> **DIRECTIONS**:
For this exercise, transcribe all the entries exactly as given and omit the images.

---- INFORMATION PROVIDED

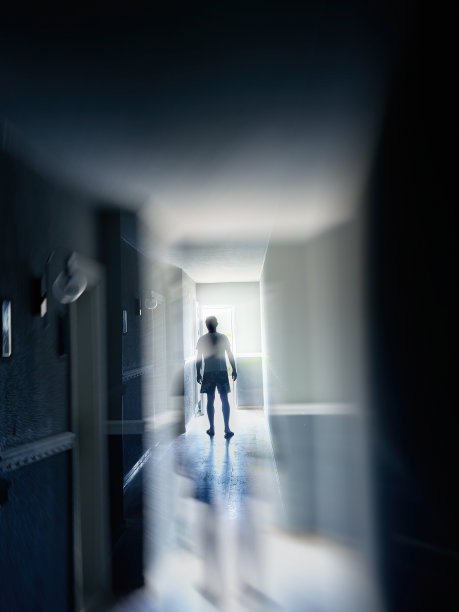 一个人走在狭窄的走廊里，看到了耀眼的灯光图片下载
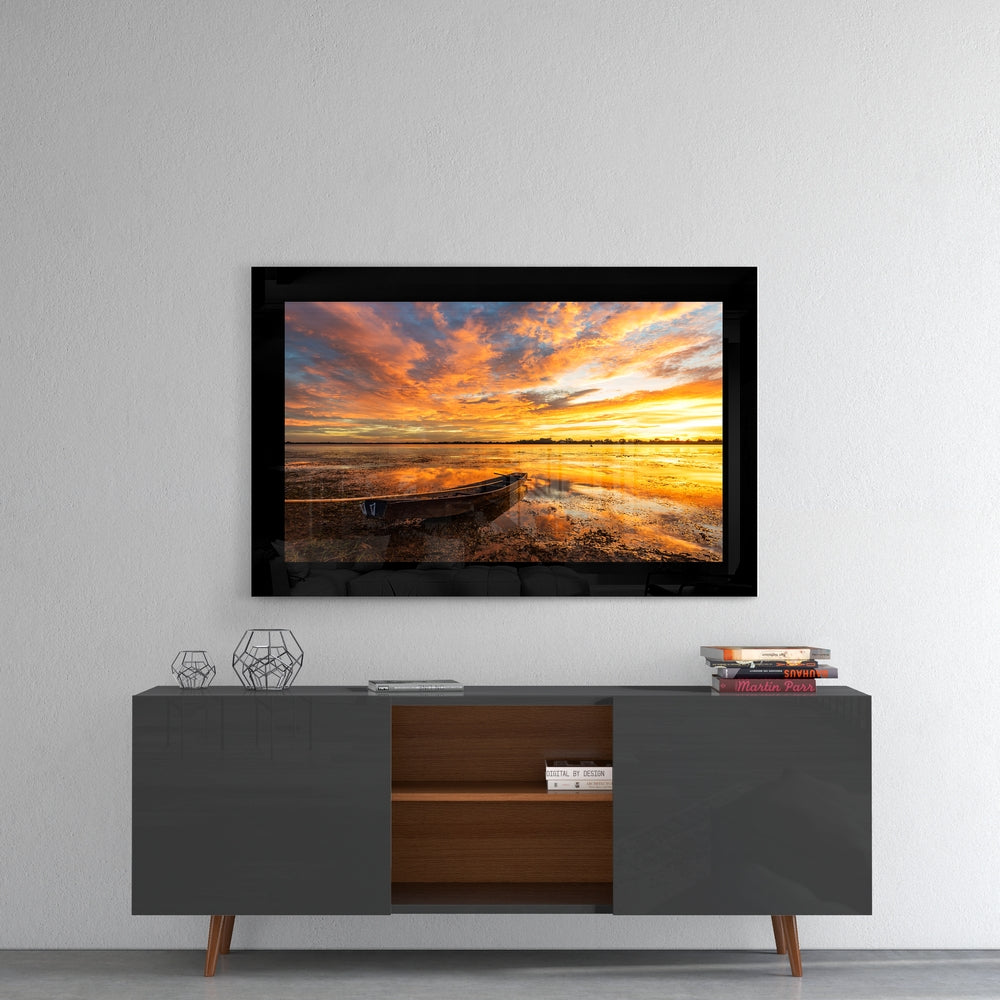 Framed glass wall art displaying a sunset beach scene with boat, mounted above a mid-century modern credenza in a living room setting.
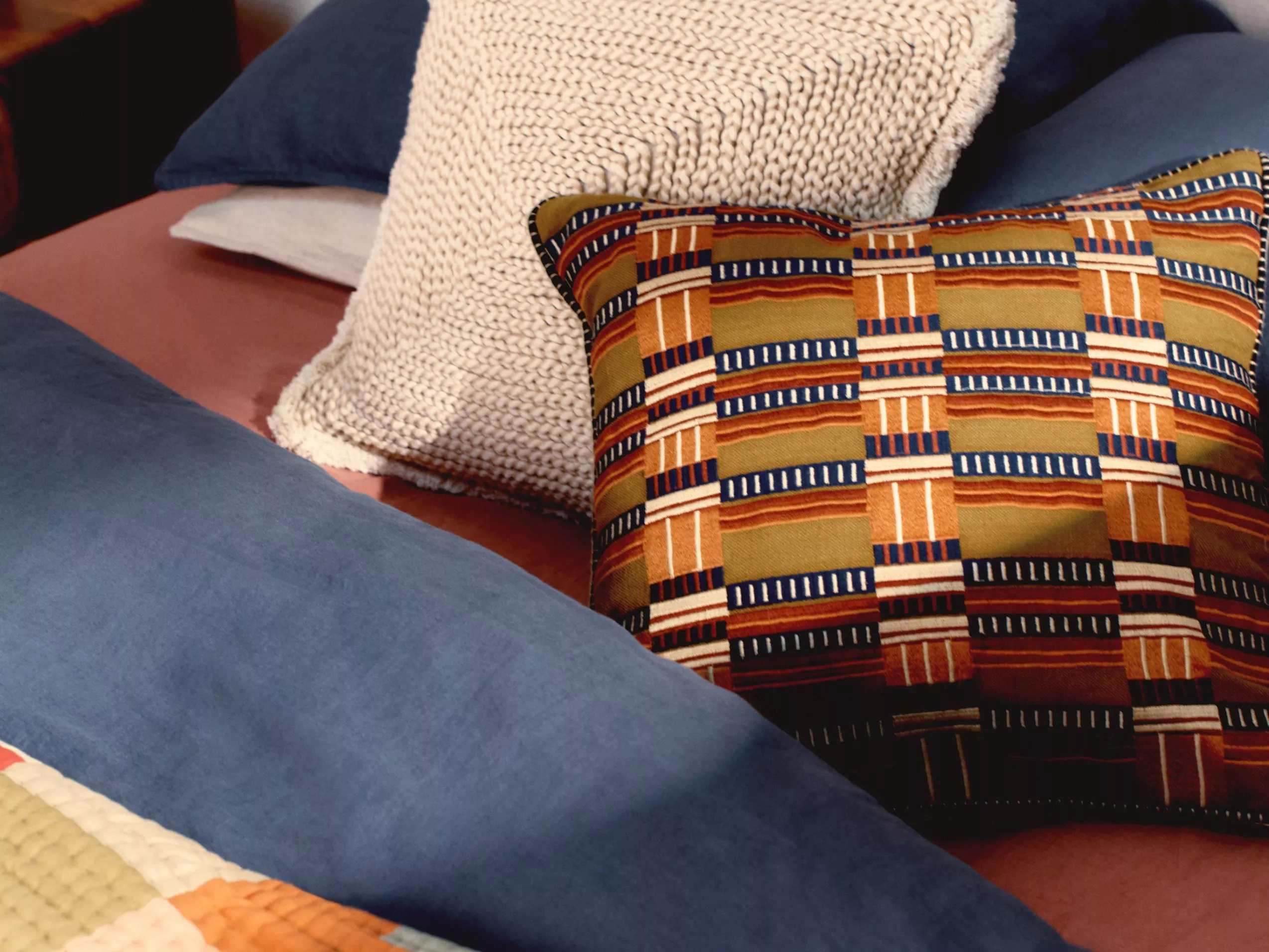 Textured cushions with colourful patterns on a bed with blue and pink bedding, creating a cosy look.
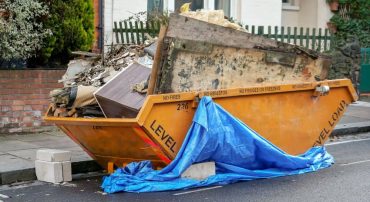 Yellow skip binned, place outside front yard full of waste from home renovation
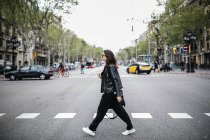 Spain, Barcelona, young woman in the city crossing street — Stock Photo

--------

> **RESULT FOR THIS EXERCISE**:
 一个人走在狭窄的走廊里，看到了耀眼的灯光图片下载
 Framed glass wall art displaying a sunset beach scene with boat, mounted above a mid-century modern credenza in a living room setting.
 Textured cushions with colourful patterns on a bed with blue and pink bedding, creating a cosy look.
 Yellow skip binned, place outside front yard full of waste from home renovation
 Spain, Barcelona, young woman in the city crossing street — Stock Photo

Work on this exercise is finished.